LOW_OPTIMAL_SIZE ========> 1073741824
HIGH_OPTIMAL_SIZE =======> 2147483647
OPTIMAL_EXECUTIONS ======> 0
ONEPASS_EXECUTIONS ======> 1
MULTIPASSES_EXECUTIONS ==> 0
TOTAL_EXECUTIONS ========> 1

SELECT STATEMENT

SELECT (127 various columns)
FROM
"SECUR_RE_PR_MATCHED_STAGE" "SECUR_RE_PR_MATCHED_STAGE",
"SECUR_RE_AS_MATCHED_STAGE" "SECUR_RE_AS_MATCHED_STAGE",
"RE_EXTRACT_DATA_STDKEY_LAST" "RE_EXTRACT_DATA_STDKEY_LAST",
"RE_EXTRACT_DATA_STDKEY" "RE_EXTRACT_DATA_STDKEY"
WHERE (substr( "RE_EXTRACT_DATA_STDKEY"."STD_SORT_CODE" , 1, 2) =
substr( "RE_EXTRACT_DATA_STDKEY_LAST"."STD_SORT_CODE" (+) , 1, 2))
AND ( "RE_EXTRACT_DATA_STDKEY"."STD_ACC_NO" = "RE_EXTRACT_DATA_STDKEY_LAST"."STD_ACC_NO" (+) )
AND ( "RE_EXTRACT_DATA_STDKEY"."STD_CUST_NUM" = "RE_EXTRACT_DATA_STDKEY_LAST"."STD_CUST_NUM" (+) )
AND (substr( "RE_EXTRACT_DATA_STDKEY"."STD_SORT_CODE" , 1, 2) =
substr( "SECUR_RE_AS_MATCHED_STAGE"."STD_SORT_CODE" (+) , 1, 2))
AND ( "RE_EXTRACT_DATA_STDKEY"."STD_ACC_NO" = "SECUR_RE_AS_MATCHED_STAGE"."STD_ACC_NO" (+) )
AND ( "RE_EXTRACT_DATA_STDKEY"."STD_CUST_NUM" = "SECUR_RE_AS_MATCHED_STAGE"."STD_CUST_NUM" (+) )
AND (substr( "RE_EXTRACT_DATA_STDKEY"."STD_SORT_CODE" , 1, 2) =
substr( "SECUR_RE_PR_MATCHED_STAGE"."STD_SORT_CODE" (+) , 1, 2))
AND ( "RE_EXTRACT_DATA_STDKEY"."STD_ACC_NO" = "SECUR_RE_PR_MATCHED_STAGE"."STD_ACC_NO" (+) )
AND ( "RE_EXTRACT_DATA_STDKEY"."STD_CUST_NUM" = "SECUR_RE_PR_MATCHED_STAGE"."STD_CUST_NUM" (+) )


Execution Plan
Plan Table
-----------------------------------------------------------------
| Operation | Name | Rows | Bytes| Cost |
-----------------------------------------------------------------
| SELECT STATEMENT | | 2M| 1G| 76034 |
| HASH JOIN OUTER | | 2M| 1G| 76034 |
| HASH JOIN OUTER | | 2M| 1G| 55662 |
| HASH JOIN OUTER | | 2M| 795M| 42293 |
| TABLE ACCESS FULL |RE_EXTRAC | 2M| 737M| 18852 |
| TABLE ACCESS FULL |RE_EXTRAC | 4M| 113M| 3838 |
| TABLE ACCESS FULL |SECUR_RE_ | 30K| 5M| 2 |
| TABLE ACCESS FULL |SECUR_RE_ | 38K| 12M| 2 |
-----------------------------------------------------------------
Re: Outer join query blowing away my temp tablespace [message #186654 is a reply to message #186608] Tue, 08 August 2006 22:15 Go to previous message
rleishman
Messages: 3724
Registered: October 2005
Location: Melbourne, Australia
Senior Member
The outer-joins are not responsible - inner joins would result in much the same plan with much the same performance (and much the same failure, probably).
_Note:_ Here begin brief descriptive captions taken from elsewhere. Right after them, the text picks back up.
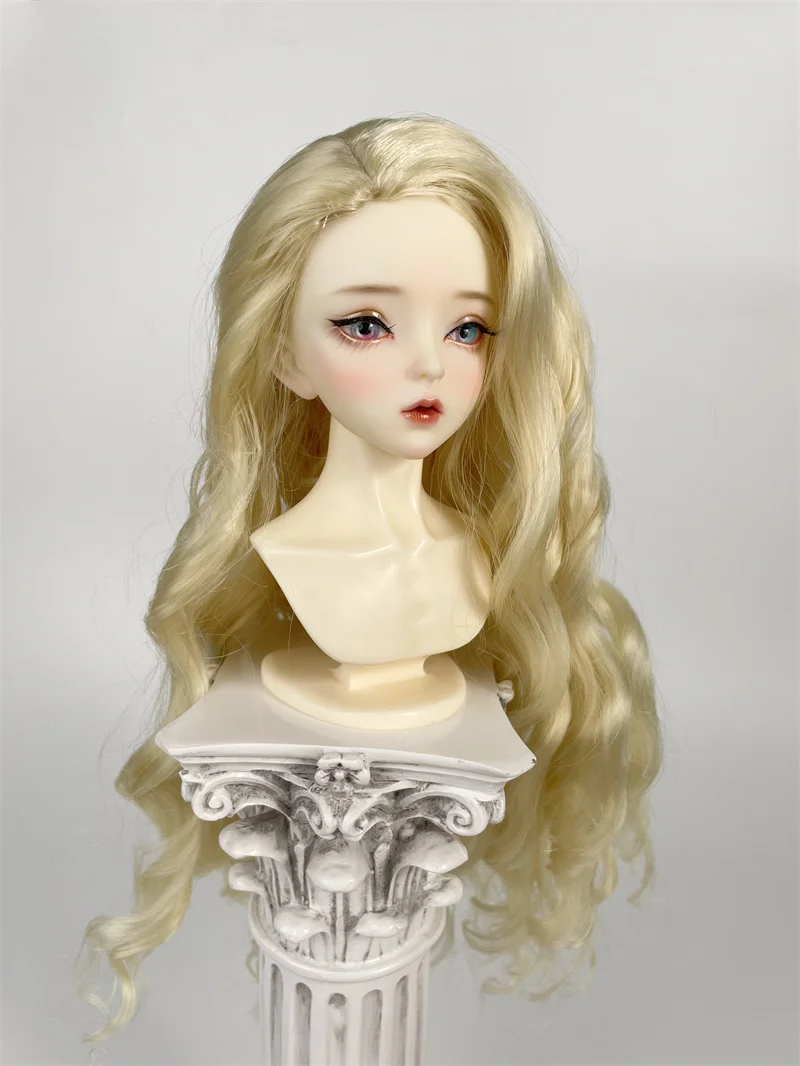 Цена Парик Sd/bjd, 1/3, 1/4, 1/6, высокотемпературный, Шелковый, с разрезом, стиль большой волны, различные цвета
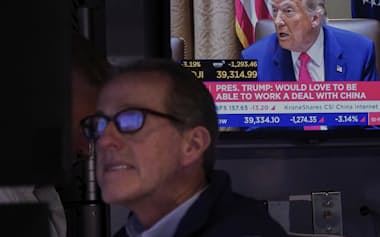 NYダウ終値1014ドル安、貿易戦争激化を警戒　テック株急落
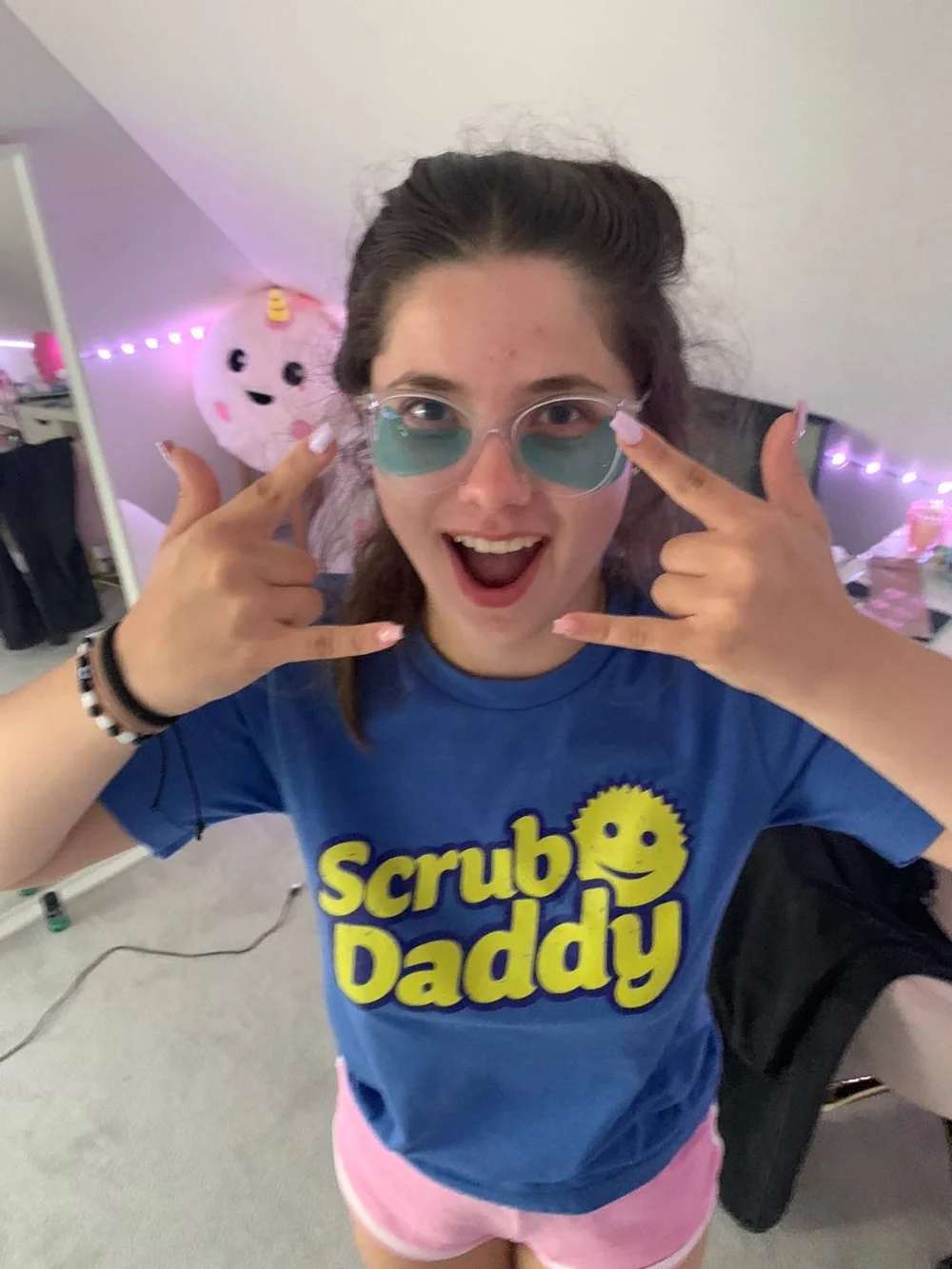 Lilou Secret Glasses And T-Shirt Pose OnlyFans Photo Leaked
Hash-joins are just the bees-knees when joining a big row set to a small one (<50K rows). But it really sucks when both sets of data are very large. You have what looks like 4 large data sets Sad. I won't go into the reason why, you'll just have to trust me.

Now, that is not to say that hash-joins are the worst option. On the contrary, they can be the best performing join method for large data sets, but they are temp-space hungry. There are two other join methods given your current architecture: Nested Loops and Sort-Merge.

- Nested Loops uses no temp space, but it is abysmally slow for joining two large row sets unless you have an index that contains all of the columns referenced in the SQL (but don't go off creating indexes with 16 columns just yet...). When I say abysmally slow, I mean several orders of magnitude: 10-100 times slower than Hash join.

- Sort-Merge uses lots of temp space, but somewhat less than hash joins. So, whilst they are not truly scalable, they can get you going if you are *just* exceeding your temp space. Use hints to get the SQL to use a Sort-Merge join:
SELECT /*+ 
  USE_MERGE(SECUR_RE_PR_MATCHED_STAGE 
            SECUR_RE_AS_MATCHED_STAGE
            RE_EXTRACT_DATA_STDKEY_LAST
            RE_EXTRACT_DATA_STDKEY) */ ...



If the Sort-Merge still runs out of space, you are going to have to get creative. You can increase TEMP space, but how long will that last? You have three options (in increasing order of efficiency AND complexity - but all of them should work):

- Create dirty big indexes on each table that contain all of the columns referenced by the query, with the join-columns first. You are joining on a SUBSTR() function, so the index must be a FUNCTION-BASED INDEX.
This will allow Oracle to perform Nested Loop (no TEMP space required), and it will probably be no more than twice as slow as a Hash-join.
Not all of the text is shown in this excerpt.